China is starting to act positively on international climate targets though challenges remain. A new report by The Climate Group commissioned by the HSBC Climate Change Centre of Excellence, says the Chinese government’s decision to put a ‘clean industrial revolution’ at the heart of the nation’s 12th Five Year Plan will deliver real carbon savings that could begin to curb national emissions, unlock new investment opportunities and ensure China is seen to be “pulling its weight” on international climate targets.
The report is titled ‘Delivering Low Carbon Growth – A Guide to the 12th Five Year Plan’.

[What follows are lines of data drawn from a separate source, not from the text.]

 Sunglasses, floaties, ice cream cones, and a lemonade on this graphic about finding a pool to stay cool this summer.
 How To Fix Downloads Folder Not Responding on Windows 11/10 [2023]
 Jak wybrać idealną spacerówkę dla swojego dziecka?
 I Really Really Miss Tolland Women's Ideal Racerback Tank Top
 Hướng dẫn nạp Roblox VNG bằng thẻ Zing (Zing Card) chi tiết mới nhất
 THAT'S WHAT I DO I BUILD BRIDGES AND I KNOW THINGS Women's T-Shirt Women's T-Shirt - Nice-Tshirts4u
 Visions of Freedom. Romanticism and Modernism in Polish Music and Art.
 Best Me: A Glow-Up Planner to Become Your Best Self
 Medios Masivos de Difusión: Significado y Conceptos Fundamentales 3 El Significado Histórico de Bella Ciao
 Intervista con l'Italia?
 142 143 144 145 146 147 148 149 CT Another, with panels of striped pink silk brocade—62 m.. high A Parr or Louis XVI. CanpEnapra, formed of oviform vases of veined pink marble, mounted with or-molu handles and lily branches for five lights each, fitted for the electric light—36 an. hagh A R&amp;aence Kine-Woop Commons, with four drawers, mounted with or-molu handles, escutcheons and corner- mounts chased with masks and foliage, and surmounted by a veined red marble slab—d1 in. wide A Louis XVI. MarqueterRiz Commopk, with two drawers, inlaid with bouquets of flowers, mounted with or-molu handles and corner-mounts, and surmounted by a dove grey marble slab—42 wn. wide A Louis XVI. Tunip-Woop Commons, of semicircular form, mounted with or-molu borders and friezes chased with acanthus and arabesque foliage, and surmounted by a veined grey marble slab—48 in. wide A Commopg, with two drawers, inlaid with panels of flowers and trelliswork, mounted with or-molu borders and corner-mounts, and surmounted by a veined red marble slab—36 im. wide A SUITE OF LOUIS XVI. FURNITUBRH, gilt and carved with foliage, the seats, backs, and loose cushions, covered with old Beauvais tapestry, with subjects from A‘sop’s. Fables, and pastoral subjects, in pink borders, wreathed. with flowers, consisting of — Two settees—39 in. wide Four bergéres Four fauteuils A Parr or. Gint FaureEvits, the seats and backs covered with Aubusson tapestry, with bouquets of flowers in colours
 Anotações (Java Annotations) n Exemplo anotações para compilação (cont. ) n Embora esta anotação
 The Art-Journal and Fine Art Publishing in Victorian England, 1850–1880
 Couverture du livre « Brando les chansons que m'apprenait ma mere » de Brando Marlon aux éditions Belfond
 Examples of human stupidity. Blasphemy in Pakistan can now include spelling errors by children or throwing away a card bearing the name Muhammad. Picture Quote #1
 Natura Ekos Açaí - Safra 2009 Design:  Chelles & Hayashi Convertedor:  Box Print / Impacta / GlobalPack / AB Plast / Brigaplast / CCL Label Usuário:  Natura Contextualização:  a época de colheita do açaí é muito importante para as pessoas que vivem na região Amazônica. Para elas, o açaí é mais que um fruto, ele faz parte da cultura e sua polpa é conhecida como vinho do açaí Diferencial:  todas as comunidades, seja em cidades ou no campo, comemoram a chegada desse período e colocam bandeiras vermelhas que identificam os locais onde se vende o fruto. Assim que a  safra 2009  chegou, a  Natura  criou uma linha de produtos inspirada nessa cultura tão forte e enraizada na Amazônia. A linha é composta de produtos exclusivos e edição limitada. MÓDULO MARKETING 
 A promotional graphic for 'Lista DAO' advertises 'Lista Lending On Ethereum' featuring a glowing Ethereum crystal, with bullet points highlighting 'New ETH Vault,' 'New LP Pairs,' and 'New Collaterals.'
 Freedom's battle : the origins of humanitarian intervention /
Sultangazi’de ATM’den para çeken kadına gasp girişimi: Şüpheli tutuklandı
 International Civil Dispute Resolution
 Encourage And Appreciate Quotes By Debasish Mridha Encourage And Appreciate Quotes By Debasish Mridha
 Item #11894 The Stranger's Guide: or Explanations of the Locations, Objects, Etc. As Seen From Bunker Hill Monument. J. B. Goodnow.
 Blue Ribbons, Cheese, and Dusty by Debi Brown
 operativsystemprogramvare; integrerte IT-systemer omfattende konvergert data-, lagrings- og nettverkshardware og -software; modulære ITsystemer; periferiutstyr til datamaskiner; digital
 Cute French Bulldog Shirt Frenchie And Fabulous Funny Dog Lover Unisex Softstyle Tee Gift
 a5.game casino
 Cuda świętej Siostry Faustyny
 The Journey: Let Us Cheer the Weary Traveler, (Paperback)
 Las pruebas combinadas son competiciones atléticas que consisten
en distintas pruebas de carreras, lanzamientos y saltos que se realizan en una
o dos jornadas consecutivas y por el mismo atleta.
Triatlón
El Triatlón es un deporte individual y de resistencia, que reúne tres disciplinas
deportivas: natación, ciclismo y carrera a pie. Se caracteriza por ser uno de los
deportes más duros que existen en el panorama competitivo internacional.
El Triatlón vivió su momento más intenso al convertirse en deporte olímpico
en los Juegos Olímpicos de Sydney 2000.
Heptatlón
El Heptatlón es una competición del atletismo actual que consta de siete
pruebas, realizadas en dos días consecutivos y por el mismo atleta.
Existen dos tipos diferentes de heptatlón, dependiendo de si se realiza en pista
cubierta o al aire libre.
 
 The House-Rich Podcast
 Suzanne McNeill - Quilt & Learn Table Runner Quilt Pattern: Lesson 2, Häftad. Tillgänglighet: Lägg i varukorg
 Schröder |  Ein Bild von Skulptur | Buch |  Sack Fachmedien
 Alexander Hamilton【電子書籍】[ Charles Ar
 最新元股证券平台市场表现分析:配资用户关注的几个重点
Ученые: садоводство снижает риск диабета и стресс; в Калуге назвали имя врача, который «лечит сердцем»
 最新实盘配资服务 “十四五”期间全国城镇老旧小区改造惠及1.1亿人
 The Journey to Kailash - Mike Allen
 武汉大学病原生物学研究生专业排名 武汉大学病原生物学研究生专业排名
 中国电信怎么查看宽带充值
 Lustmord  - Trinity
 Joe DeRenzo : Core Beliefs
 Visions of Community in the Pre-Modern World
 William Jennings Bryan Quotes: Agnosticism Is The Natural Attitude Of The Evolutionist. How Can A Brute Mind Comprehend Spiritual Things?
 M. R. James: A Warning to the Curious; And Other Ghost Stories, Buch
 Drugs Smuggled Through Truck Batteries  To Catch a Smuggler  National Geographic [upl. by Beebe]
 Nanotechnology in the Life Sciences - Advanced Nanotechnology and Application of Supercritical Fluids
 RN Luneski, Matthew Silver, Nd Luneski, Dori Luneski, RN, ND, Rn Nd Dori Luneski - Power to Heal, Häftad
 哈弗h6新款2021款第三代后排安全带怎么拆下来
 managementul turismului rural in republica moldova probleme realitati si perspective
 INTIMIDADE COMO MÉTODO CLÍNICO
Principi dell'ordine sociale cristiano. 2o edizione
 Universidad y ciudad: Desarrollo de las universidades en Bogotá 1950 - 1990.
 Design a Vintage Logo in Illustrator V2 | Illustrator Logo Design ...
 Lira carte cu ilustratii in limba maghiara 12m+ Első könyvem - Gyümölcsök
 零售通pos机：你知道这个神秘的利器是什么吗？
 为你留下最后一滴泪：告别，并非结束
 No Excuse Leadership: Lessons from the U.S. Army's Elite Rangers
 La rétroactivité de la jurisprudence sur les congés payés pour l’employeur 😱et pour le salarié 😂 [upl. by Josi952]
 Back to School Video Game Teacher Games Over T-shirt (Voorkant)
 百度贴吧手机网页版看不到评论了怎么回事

China is now the world’s second biggest economy and biggest greenhouse gas emitter, and the report findings show how the country’s new national development strategy will combine ambitious growth targets – including a 7% GDP annual growth goal – with a need to rapidly de-carbonize its coal-based economy.
For the first time in a FYP, China has set a national carbon intensity reduction target of 17% and intends to cut energy intensity by 16% by 2015. The FYP will also boost investment for seven strategic new industry sectors vital to national competitiveness and sustainability paving the way for a more efficient economy and creating higher value industries in alternative energy, low carbon transport and energy efficient products.
Critically, the report concludes that, although real challenges remain, the pace of deployment of low carbon energy compares favourably with International Energy Agency’s World Energy Outlook 2010 scenario for stabilising atmospheric concentrations of CO2 at 450ppm by 2100, suggesting that China is “pulling its weight” relative to international expectations in this regard.
Mark Kenber, chief executive of The Climate Group, comments: “It is hugely symbolic that China is putting green growth at the core of its national development plan and should be a wake-up call to Europe and North America policy-makers that a clean tech race is well under way. This bold policy plan unequivocally aims to set China on a clear low carbon trajectory and will ensure the country remains a major global hub for clean energy technologies for years to come. However, unabated coal consumption remains a significant reality check on China’s low carbon vision and, as with other countries, a comprehensive long-term approach backed by tough action on the ground will be needed to ensure that China’s green growth strategy delivers on its undoubted promise.”